Content starts

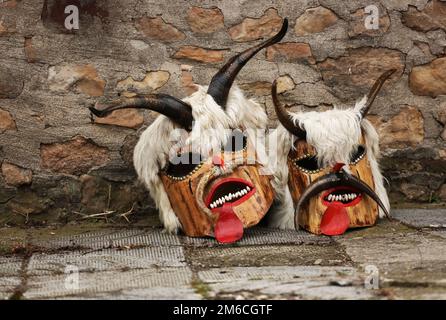 Traditional Kukeri costume bells on a traditional Bulgarian Kukeri holidays festival Stock Photo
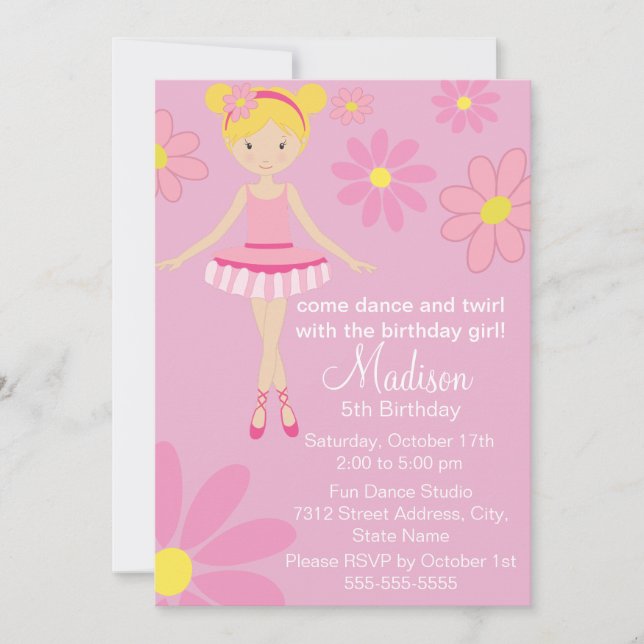 Ballerina Pink Dance Party Birthday Invitation (Front)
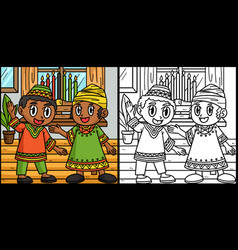 Kwanzaa Children And Kinara Coloring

Content ends

→ **WORK TO BE COMPLETED**:
Write out the whole listing exactly, with no pictures.

→ **ANSWER SPACE**:
 Traditional Kukeri costume bells on a traditional Bulgarian Kukeri holidays festival Stock Photo
 Ballerina Pink Dance Party Birthday Invitation (Front)
 Kwanzaa Children And Kinara Coloring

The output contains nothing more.